Task details: Could you print the stretch of lines below from the one with "Map of events" through the one with "Adidas Herren Toronto", exactly as they stand and without any pictures?

Material to process:
════════

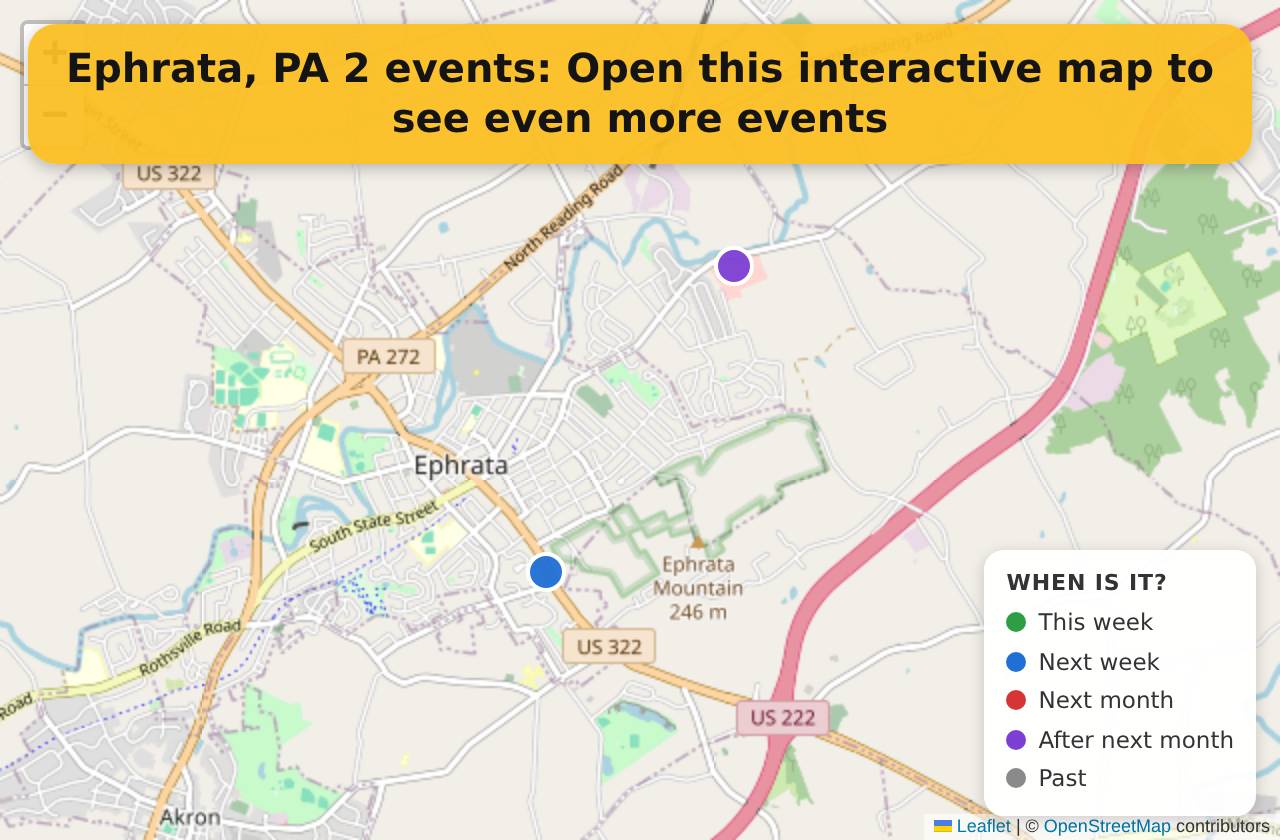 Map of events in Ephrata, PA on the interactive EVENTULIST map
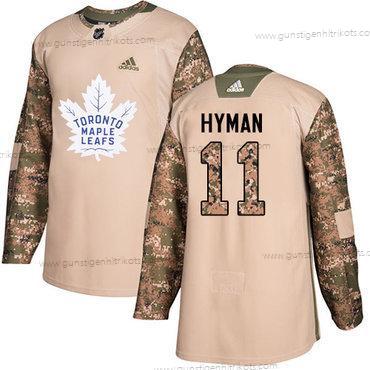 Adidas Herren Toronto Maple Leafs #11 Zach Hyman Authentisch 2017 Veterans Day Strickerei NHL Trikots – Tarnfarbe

════════

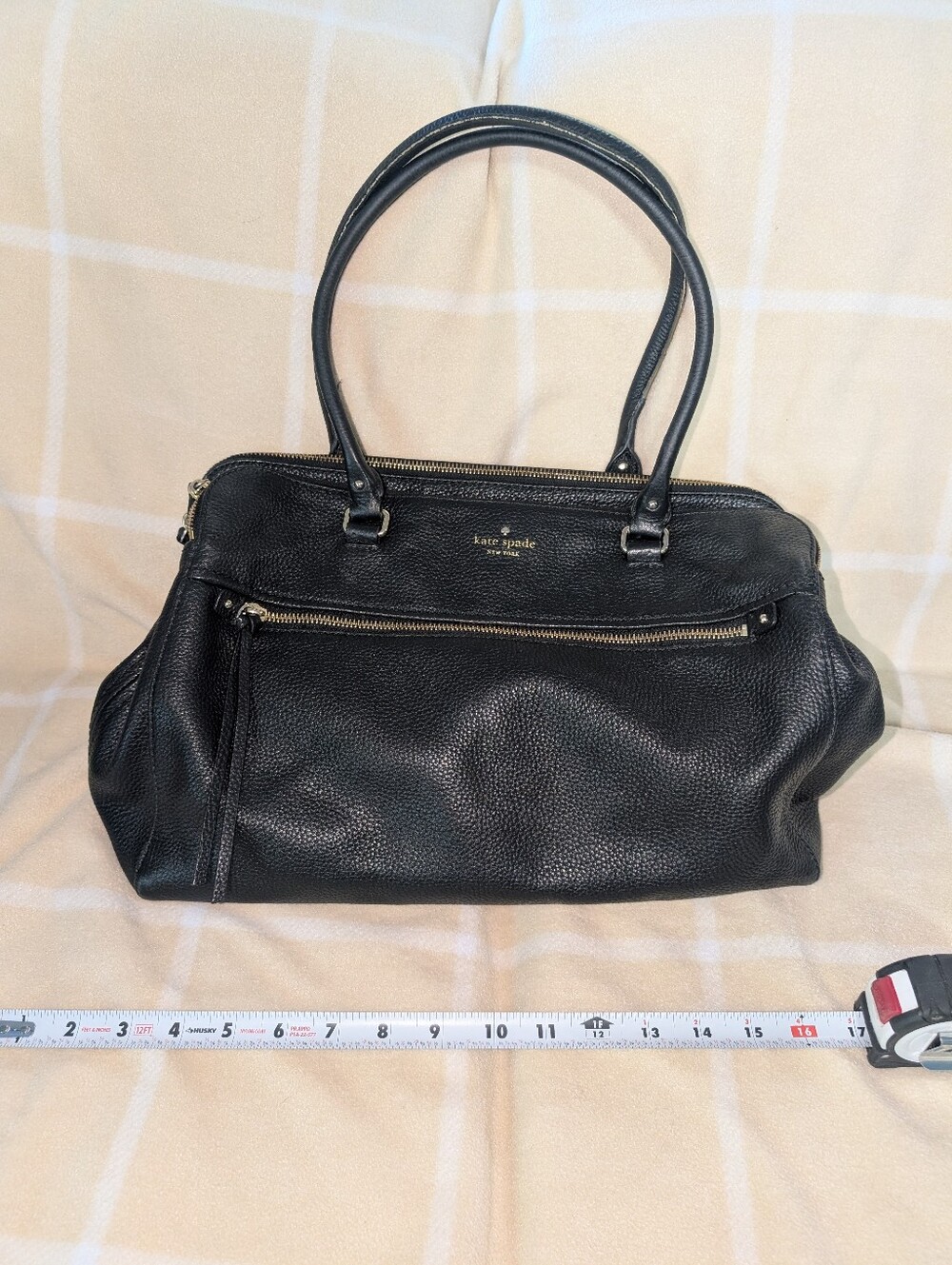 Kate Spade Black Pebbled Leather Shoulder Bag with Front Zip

════════

Written answer:
 Map of events in Ephrata, PA on the interactive EVENTULIST map
 Adidas Herren Toronto Maple Leafs #11 Zach Hyman Authentisch 2017 Veterans Day Strickerei NHL Trikots – Tarnfarbe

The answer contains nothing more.